Saved data entries
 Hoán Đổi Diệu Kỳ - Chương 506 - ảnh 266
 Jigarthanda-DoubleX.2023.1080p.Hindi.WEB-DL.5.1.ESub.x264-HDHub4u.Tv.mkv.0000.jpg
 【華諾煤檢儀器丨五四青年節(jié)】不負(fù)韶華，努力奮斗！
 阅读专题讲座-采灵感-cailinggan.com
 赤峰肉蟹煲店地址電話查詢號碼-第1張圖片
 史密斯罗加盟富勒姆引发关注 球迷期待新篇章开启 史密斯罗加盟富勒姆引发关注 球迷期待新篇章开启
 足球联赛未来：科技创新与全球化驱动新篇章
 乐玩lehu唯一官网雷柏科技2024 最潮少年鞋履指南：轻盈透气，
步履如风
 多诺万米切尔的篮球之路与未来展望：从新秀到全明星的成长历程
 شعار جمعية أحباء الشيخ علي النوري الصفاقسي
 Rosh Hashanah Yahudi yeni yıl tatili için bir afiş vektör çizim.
==
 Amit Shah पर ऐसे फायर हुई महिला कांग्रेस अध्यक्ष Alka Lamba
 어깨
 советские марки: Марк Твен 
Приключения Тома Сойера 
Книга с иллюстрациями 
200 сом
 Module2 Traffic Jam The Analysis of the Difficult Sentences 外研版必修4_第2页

| Problem description |
Write out exactly the lines that fall from the line with "Hoán Đổi Diệu Kỳ - Chương 506 - ảnh 266" to the line with "Rosh Hashanah Yahudi" in the records above, keeping both ends.

| Task output |
 Hoán Đổi Diệu Kỳ - Chương 506 - ảnh 266
 Jigarthanda-DoubleX.2023.1080p.Hindi.WEB-DL.5.1.ESub.x264-HDHub4u.Tv.mkv.0000.jpg
 【華諾煤檢儀器丨五四青年節(jié)】不負(fù)韶華，努力奮斗！
 阅读专题讲座-采灵感-cailinggan.com
 赤峰肉蟹煲店地址電話查詢號碼-第1張圖片
 史密斯罗加盟富勒姆引发关注 球迷期待新篇章开启 史密斯罗加盟富勒姆引发关注 球迷期待新篇章开启
 足球联赛未来：科技创新与全球化驱动新篇章
 乐玩lehu唯一官网雷柏科技2024 最潮少年鞋履指南：轻盈透气，
步履如风
 多诺万米切尔的篮球之路与未来展望：从新秀到全明星的成长历程
 شعار جمعية أحباء الشيخ علي النوري الصفاقسي
 Rosh Hashanah Yahudi yeni yıl tatili için bir afiş vektör çizim.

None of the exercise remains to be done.